|Friday, February 24|
|CS14 Addressing Statistical Problems and Issues||
Fri, Feb 24, 3:45 PM - 5:15 PM
River Terrace 3
Matched Case-Control Data Analysis (303342)*Yinghui Duan, Connecticut Institute for Clinical and Translational Science
Chia-Ling Kuo, Connecticut Institute for Clinical and Translational Science
Keywords: observational studies, association studies, confounders, unconditional logistic regression, conditional logistic regression, model adjustment for matching variables, frequency matching, exact matching, Monte-Carlo simulations
In matched case-control studies, cases are matched to controls on few major confounders by exact or frequency matching.
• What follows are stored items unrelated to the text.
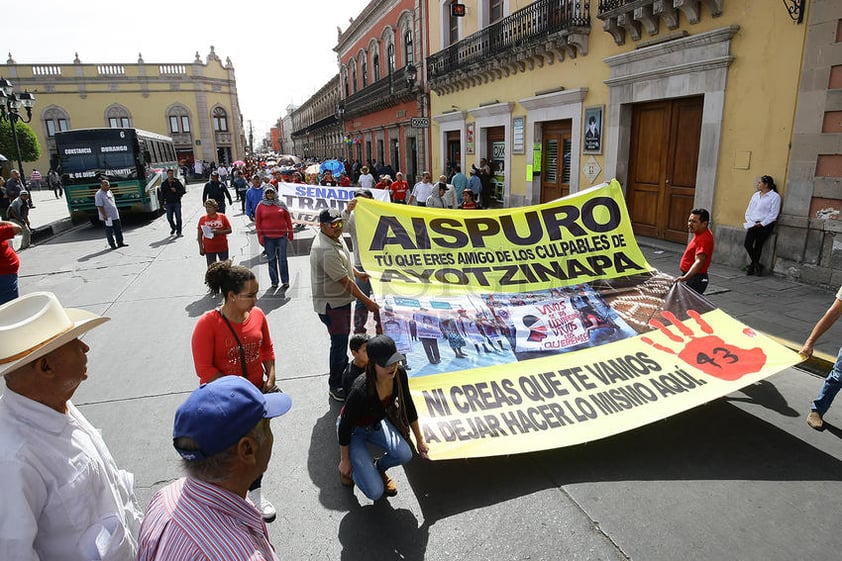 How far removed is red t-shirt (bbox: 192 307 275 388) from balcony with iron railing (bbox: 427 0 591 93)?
12247mm

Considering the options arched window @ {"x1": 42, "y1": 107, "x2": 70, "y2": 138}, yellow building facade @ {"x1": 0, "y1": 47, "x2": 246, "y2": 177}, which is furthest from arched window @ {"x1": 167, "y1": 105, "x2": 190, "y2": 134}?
arched window @ {"x1": 42, "y1": 107, "x2": 70, "y2": 138}

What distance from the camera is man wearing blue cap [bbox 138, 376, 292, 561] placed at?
1386 mm

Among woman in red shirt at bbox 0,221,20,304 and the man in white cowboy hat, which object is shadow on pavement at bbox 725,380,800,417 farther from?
woman in red shirt at bbox 0,221,20,304

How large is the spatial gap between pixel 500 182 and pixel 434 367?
1464cm

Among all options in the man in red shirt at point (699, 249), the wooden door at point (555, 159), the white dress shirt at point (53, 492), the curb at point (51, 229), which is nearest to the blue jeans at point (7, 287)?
the white dress shirt at point (53, 492)

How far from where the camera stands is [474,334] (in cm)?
477

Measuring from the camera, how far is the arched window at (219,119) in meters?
52.3

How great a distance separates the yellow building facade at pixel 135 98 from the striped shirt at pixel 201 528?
179 feet

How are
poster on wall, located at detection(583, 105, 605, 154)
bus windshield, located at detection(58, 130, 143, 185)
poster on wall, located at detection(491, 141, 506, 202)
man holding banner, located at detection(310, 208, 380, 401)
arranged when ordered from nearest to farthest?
man holding banner, located at detection(310, 208, 380, 401) → poster on wall, located at detection(583, 105, 605, 154) → bus windshield, located at detection(58, 130, 143, 185) → poster on wall, located at detection(491, 141, 506, 202)

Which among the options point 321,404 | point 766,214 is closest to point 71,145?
point 321,404

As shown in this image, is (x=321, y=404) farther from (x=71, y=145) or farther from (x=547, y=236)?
(x=71, y=145)

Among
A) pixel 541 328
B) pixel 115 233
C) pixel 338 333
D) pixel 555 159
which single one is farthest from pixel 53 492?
pixel 555 159

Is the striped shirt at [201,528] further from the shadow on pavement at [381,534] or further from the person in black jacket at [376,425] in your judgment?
the person in black jacket at [376,425]

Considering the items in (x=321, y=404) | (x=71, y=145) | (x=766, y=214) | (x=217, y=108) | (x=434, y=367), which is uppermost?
(x=217, y=108) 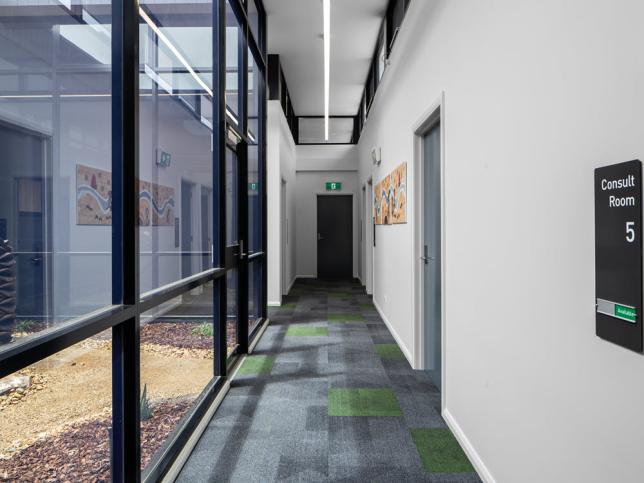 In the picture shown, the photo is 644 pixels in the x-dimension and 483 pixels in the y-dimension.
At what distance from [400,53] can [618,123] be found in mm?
2852

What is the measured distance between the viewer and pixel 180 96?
208 centimetres

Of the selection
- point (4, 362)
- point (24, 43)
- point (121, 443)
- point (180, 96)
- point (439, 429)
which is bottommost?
point (439, 429)

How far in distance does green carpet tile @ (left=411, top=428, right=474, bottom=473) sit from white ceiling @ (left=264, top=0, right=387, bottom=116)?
3785 mm

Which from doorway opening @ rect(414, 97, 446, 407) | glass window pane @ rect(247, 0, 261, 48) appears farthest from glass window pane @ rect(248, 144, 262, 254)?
doorway opening @ rect(414, 97, 446, 407)

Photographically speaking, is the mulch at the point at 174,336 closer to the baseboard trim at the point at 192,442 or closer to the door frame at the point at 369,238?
the baseboard trim at the point at 192,442

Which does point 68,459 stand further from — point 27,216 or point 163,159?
point 163,159

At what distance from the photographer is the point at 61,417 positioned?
128 cm

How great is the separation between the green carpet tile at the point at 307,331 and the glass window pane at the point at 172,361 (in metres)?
1.43

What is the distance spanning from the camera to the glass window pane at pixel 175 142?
1641 mm

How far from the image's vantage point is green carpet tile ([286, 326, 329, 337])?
4.04 m

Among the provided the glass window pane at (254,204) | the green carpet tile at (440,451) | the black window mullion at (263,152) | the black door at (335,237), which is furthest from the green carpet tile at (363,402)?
the black door at (335,237)

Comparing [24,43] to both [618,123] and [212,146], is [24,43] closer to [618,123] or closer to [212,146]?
[618,123]

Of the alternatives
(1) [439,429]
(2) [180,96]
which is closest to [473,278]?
(1) [439,429]

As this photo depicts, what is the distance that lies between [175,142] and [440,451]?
1907mm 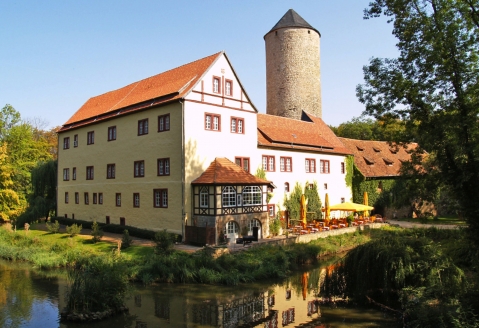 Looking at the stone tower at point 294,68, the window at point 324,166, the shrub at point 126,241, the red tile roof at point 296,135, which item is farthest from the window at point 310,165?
the shrub at point 126,241

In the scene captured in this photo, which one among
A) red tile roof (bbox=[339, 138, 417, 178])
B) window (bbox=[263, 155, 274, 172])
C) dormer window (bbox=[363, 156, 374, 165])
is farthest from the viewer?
dormer window (bbox=[363, 156, 374, 165])

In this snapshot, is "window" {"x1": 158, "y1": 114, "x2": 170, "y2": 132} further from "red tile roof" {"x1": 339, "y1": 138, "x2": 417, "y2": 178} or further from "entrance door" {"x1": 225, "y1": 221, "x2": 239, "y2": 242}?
"red tile roof" {"x1": 339, "y1": 138, "x2": 417, "y2": 178}

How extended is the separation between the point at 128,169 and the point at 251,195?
8.15 meters

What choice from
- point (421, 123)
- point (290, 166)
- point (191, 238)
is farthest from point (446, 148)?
point (290, 166)

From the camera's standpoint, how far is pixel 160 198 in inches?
906

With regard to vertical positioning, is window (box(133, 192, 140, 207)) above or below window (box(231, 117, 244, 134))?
below

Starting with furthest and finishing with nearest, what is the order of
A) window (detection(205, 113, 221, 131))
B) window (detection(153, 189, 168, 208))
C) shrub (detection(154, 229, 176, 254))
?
window (detection(205, 113, 221, 131))
window (detection(153, 189, 168, 208))
shrub (detection(154, 229, 176, 254))

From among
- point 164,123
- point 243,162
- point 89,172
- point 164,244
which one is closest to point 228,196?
point 243,162

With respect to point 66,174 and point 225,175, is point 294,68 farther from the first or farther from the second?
point 66,174

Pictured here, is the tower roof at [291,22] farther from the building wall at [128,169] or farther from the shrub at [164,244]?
the shrub at [164,244]

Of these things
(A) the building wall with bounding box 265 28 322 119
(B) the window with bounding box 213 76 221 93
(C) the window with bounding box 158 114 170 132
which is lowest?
(C) the window with bounding box 158 114 170 132

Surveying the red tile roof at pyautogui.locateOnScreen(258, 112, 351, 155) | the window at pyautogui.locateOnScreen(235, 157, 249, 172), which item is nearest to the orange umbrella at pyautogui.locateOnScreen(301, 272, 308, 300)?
the window at pyautogui.locateOnScreen(235, 157, 249, 172)

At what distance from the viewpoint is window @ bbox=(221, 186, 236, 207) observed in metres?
21.5

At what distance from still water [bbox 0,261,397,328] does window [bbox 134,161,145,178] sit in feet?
28.4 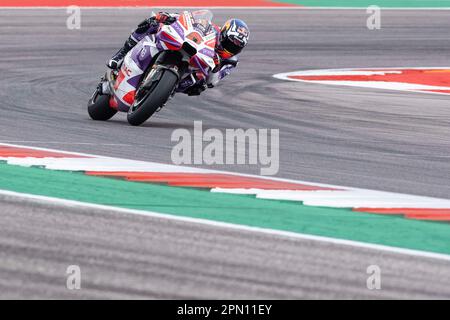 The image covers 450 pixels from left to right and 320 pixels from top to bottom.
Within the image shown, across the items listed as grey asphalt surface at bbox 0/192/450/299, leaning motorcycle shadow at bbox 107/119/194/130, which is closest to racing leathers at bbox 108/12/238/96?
leaning motorcycle shadow at bbox 107/119/194/130

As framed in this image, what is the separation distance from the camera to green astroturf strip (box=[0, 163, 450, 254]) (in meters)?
8.48

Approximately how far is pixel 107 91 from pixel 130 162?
3211 mm

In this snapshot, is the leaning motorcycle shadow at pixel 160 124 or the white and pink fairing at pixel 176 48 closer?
the white and pink fairing at pixel 176 48

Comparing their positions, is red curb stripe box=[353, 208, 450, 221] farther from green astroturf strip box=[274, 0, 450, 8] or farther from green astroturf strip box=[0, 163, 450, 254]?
green astroturf strip box=[274, 0, 450, 8]

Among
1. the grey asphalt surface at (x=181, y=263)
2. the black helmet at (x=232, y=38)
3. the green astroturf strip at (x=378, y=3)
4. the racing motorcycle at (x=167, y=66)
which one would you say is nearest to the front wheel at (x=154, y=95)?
the racing motorcycle at (x=167, y=66)

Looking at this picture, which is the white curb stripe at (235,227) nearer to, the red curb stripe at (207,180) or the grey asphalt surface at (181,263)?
the grey asphalt surface at (181,263)

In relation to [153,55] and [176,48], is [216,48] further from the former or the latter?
[153,55]

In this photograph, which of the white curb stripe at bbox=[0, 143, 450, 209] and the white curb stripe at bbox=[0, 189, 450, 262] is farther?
the white curb stripe at bbox=[0, 143, 450, 209]

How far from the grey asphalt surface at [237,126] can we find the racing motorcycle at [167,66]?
303 mm

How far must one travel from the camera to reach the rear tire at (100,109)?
1473 cm

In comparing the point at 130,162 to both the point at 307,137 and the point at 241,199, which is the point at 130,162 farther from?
the point at 307,137

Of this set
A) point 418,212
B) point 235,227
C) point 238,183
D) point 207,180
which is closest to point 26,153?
point 207,180

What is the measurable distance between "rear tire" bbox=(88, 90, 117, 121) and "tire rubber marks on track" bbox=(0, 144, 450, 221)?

To acknowledge matching, methods that account for matching presumably should be applied to analyze matched case-control data. A study surveyed 37 matched case-control studies for detailed analysis and found that only 53% (16/37) of them were properly analyzed based on judgement of statisticians. It indicates that researchers in the community don’t have a consensus on how matched case-control data should be analyzed or they are lack of knowledge to choose a correct method. The remaining variation in frequency-matched variables makes it unclear 1) when unconditional methods (unconditional on matching) are appropriate or better than conditional methods (conditional on matching) and 2) whether the matching variables should be statistically adjusted for the residual effect of matching. To address these two questions, we focus on matched case-control studies for the association between case-control status and a binary exposure where cases are matched to controls by exact matching on gender and frequency matching on age. Through simulations, we evaluate the methods for matched case-control data: unconditional logistic regression with adjustment for age and gender, conditional logistic regressions without adjustment for age and gender, as well as conditional logistic regression with adjustment for age only.